E proprio sul tech e sui comparti strategici è d’obbligo soffermarsi per capire l’importanza delle partite in cui l’Italia sarà coinvolta. E la necessità, per il nuovo governo Conte, di prendere scelte chiare e decise in un contesto che vede la competizione globale farsi sempre più agguerrita. Le sfide più impellenti sono due: partecipare alla partita industriale europea da protagonisti e, al tempo stesso, valorizzare il sistema della Difesa bilanciandosi tra asse franco-tedesco e cordate industriali basate sulla Nato e sulla coppia Usa-Regno Unito.

Il “fondo Ursula” e l’asse franco-tedesco

Recentemente è filtrata la notizia che Ursula von der Leyen,intenta a tessere la tela della nuova Commissione europea, stia lavorando a un fondo sovrano europeo destinato a mobilitare finanziamenti, sia pubblici che privati, da destinare all’impresa europea e al rafforzamento della sua competitività nei settori cruciali per l’economia contemporanea per complessivi 100 miliardi di euro.

Un passo importante per evitare che l’Europa resti stritolata nel braccio di ferro tecnologico tra Stati Uniti e Cina, sfida in cui l’Unione non riesce a esprimere voce in capitolo, ma anche un terreno di prova per le capacità dell’Italia. Che con il Fondo nazionale innovazione, presentato in primavera dall’allora Ministro dello Sviluppo Economico Luigi Di Maio, è entrato nella sfida posta dall’ascesa dell’intelligenza artificiale e del 5G, ma che a livello comunitario dovrebbe accertarsi che una quota consistente di questi finanziamenti finiscano nel territorio nazionale. L’Italia sarebbe chiamata a essere il terzo più grande contributore di un tale fondo, ma lasciandone il timone strategico a Francia e Germania finirebbe per finanziare i loro “campioni nazionali” senza ricavare dividendi positivi.

Il rischio è di finire, per carenza di volontà politica, a siglare un compromesso al ribasso paragonabile a quello dell’accordo Fincantieri-Naval Group in cui, nell’intesa franco-italiana, alla componente nostrana è lasciata la delega alla costruzione di scafi e base dei futuri vascelli congiuntamente realizzati, mentre ai transalpini sarà riservata la componentistica elettronica e, nelle unità militari, la componente dell’armamento, che assieme rappresentano la parte maggiore del valore aggiunto.

Puntare sulla difesa per avere potere in Ue

Il “fondo europeo” prossimo a nascere si relaziona direttamente con le grandi manovre in atto nel terreno della difesa e dell’aerospazio.
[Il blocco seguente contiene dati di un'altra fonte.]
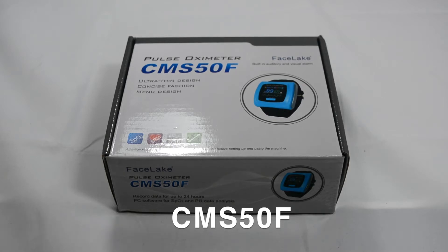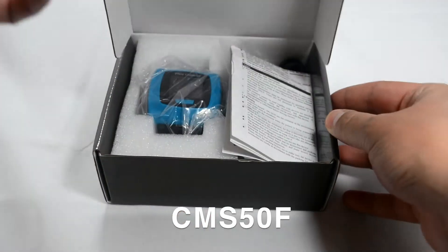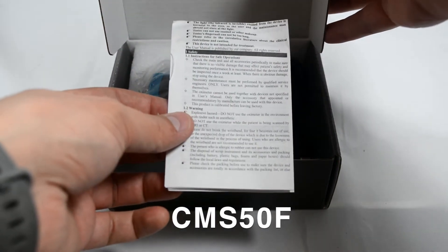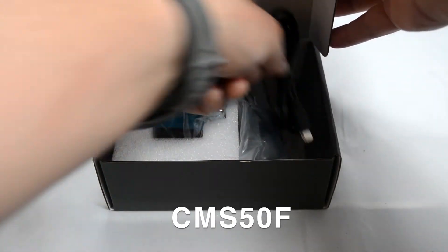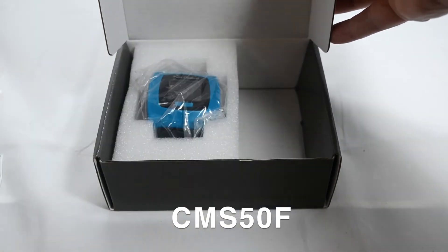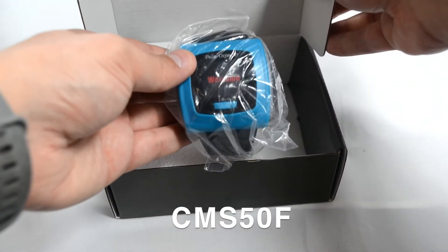Welcome to the unboxing of the CMS50F. You'll receive the user manual, the transfer cable, the finger probe, and the CMS50F device.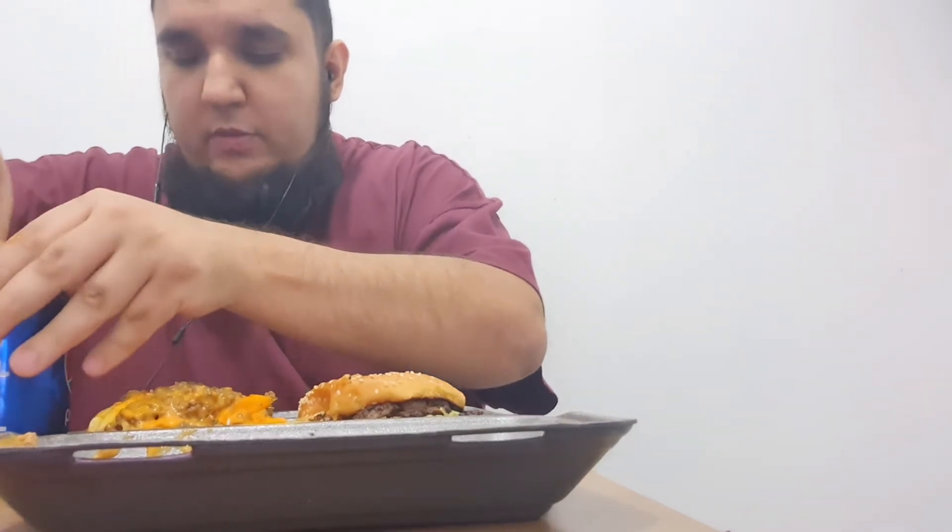Burger time! Actually, before the burger — quick drink. That's a cold Pepsi. I prefer Pepsi to Coca-Cola. Some people say Coca-Cola's the best but I prefer Pepsi. I'm not a huge fan of Pepsi Max — now and then if I need it. That burger does look good.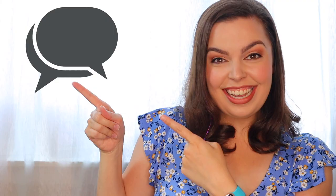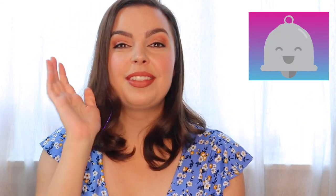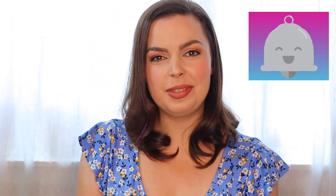Hey girl, welcome back to Glam Life by Meg, where I teach you how to efficiently and glamorously live your very best life. Say hi in the comments if you're new here — it's nice to virtually meet you. Before we get to the good stuff, make sure to like, comment, and subscribe for more videos like this, and don't forget to ring that bell so you can be notified every single time I post a video.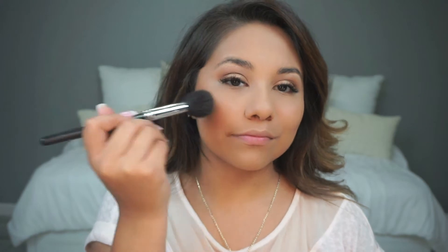I'm going to go in with a little bit of Hoola Bronzer, then the Jaclyn Hill face palette to put a little bit of blush on my cheeks. My smile is not back all the way but it's getting there.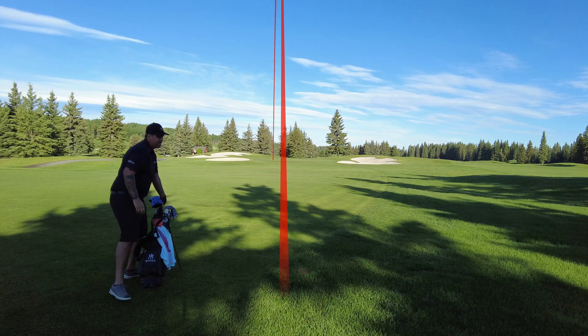Pretty straight, a little bit of right to left in it, but it's downhill so it's slippery. All right, that's worth another fist pump — putter's working today.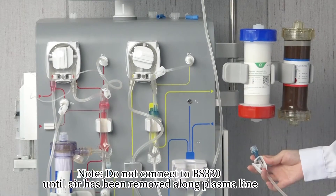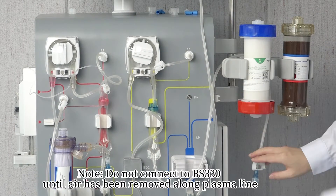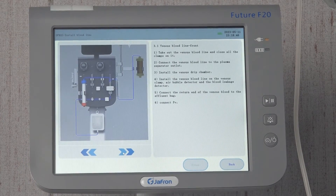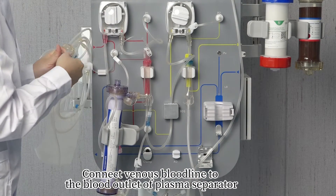Do not connect to the plasma separator or to the BS-330 until air has been removed along the plasma line. Install the frontal part of the venous bloodline. Connect the venous bloodline to the blood outlet of the plasma separator.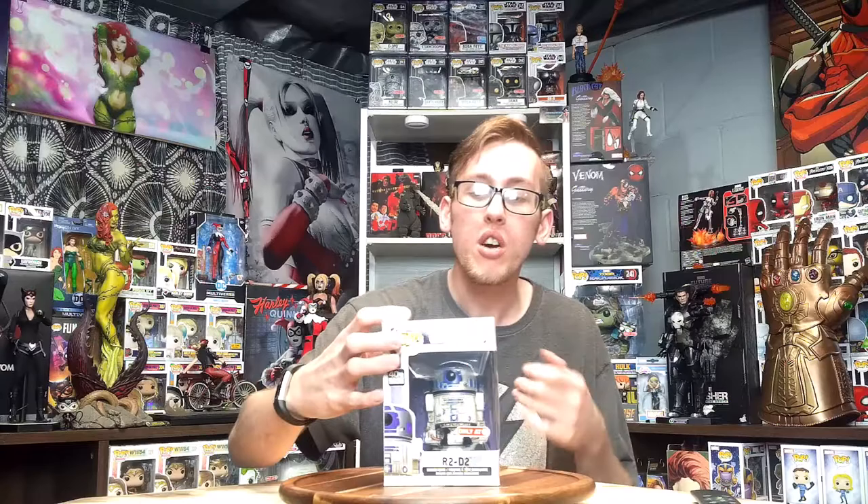First off is the Battle Damaged R2-D2 from the Empire Strikes Back. This one is really cool. I love R2-D2 — surprisingly, my favorite character from Star Wars. I know it's strange, but he's just really likable. And he solves the most problems. Honestly, I feel like this guy, even if he's not a real human being, he has to have Lady Luck on his side, because there's no way he'd be able to succeed without some luck.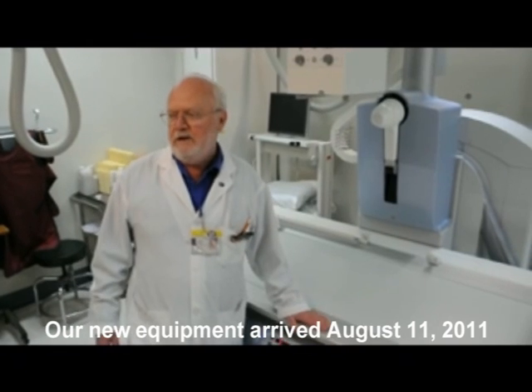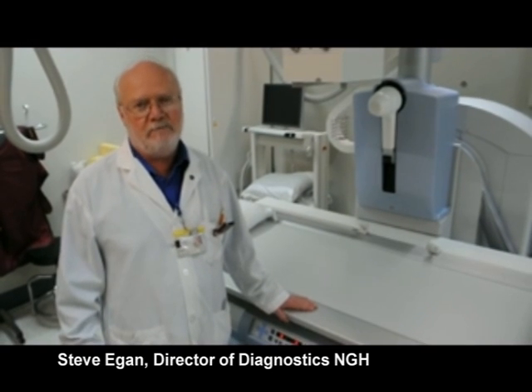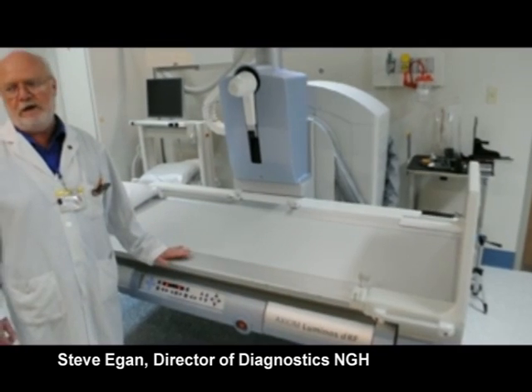Hi, I'm Steve Egan, Director of Diagnostic Imaging at Norfolk General Hospital. This is our new suite. This was a long process. First of all, we had to get the money from the community. Thank you so much from the entire Diagnostic Imaging Department — this was a long project.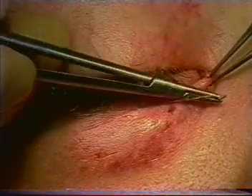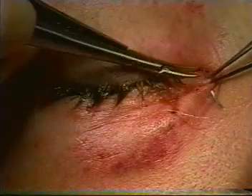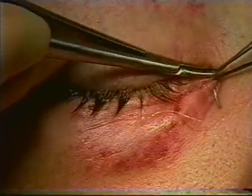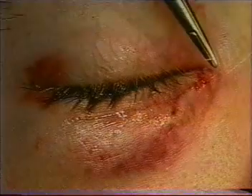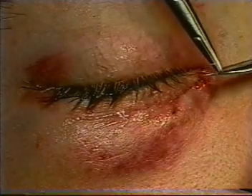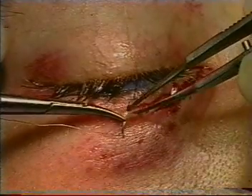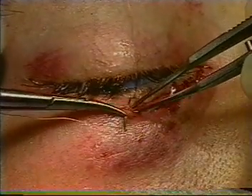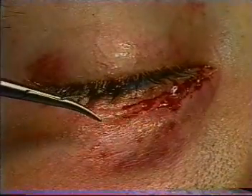The skin can be closed with an absorbable suture, such as a 6-0 plain suture, which will dissolve within five to seven days. All associated lacerations should be repaired at the same time.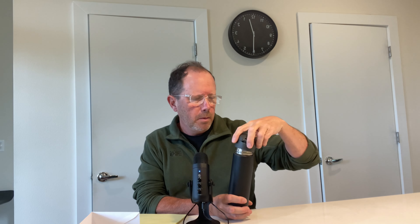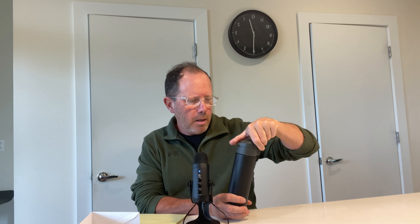These are incredibly well made. It's vacuum insulated stainless steel. The cap, which I've probably loosened and tightened hundreds and hundreds of times — you just seal it like that. It's a really nice tight seal; even if it falls over it's not going to leak. It has a little catch here that you open and then it will open up so you can just drink out of it.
Recentemente, l’Italia ha voltato definitivamente le spalle all’asse Parigi-Berlino in campo aeronautico sposando il progetto britannico Tempest che vede protagonista la nostra Leonardo.

Analisti di peso come Carlo Pelanda, Giulio Sapelli e Claudio Antonelli hanno a più riprese ammonito sulla necessità per l’Italia di diversificare il novero di accordi firmati nei settori strategici per evitare di vincolarsi eccessivamente con le due cordate che stanno progressivamente dividendosi: quella franco-tedesca da un lato e quella atlantica dall’altra. In tal senso, puntare convintamente su Tempest garantirebbe maggiore serietà negoziale e capitale politico da investire nell’ampliamento delle prospettive d’azione in altri campi, come quello prima citato del fondo sovrano europeo.

E l’Italia non deve iniziare a guardare alla luce di una prospettiva eccessivamente ristretta i prossimi sviluppi politici europei e globali. Barattare con pochi miliardi di flessibilità sulla prossima legge finanziaria una cambiale in bianco di sostegno all’asse franco-tedesco in materia di politica industriale, senza aver chiari i ritorni effettivi di una scelta di questo tipo, sarebbe un grave errore che il governo giallorosso non deve compiere. Così come è da prevenire qualsiasi azione volta a barattare la partecipazione italiana con una svendita dei nostri asset strategici.

Dimostrando resilienza e spirito d’iniziativa l’Italia potrà essere soggetto e non semplice oggetto di queste grandi partite. Acquisendo potere negoziale anche di fronte a partner al di fuori del nostro orizzonte di alleanze geopolitiche. Prima fra tutti una Cina che potrà essere un valido e forte partner economico se l’Italia saprà rafforzare gli strumenti che permetteranno di veicolare ogni investimento estero nello sviluppo dell’interesse economico e politico nazionale.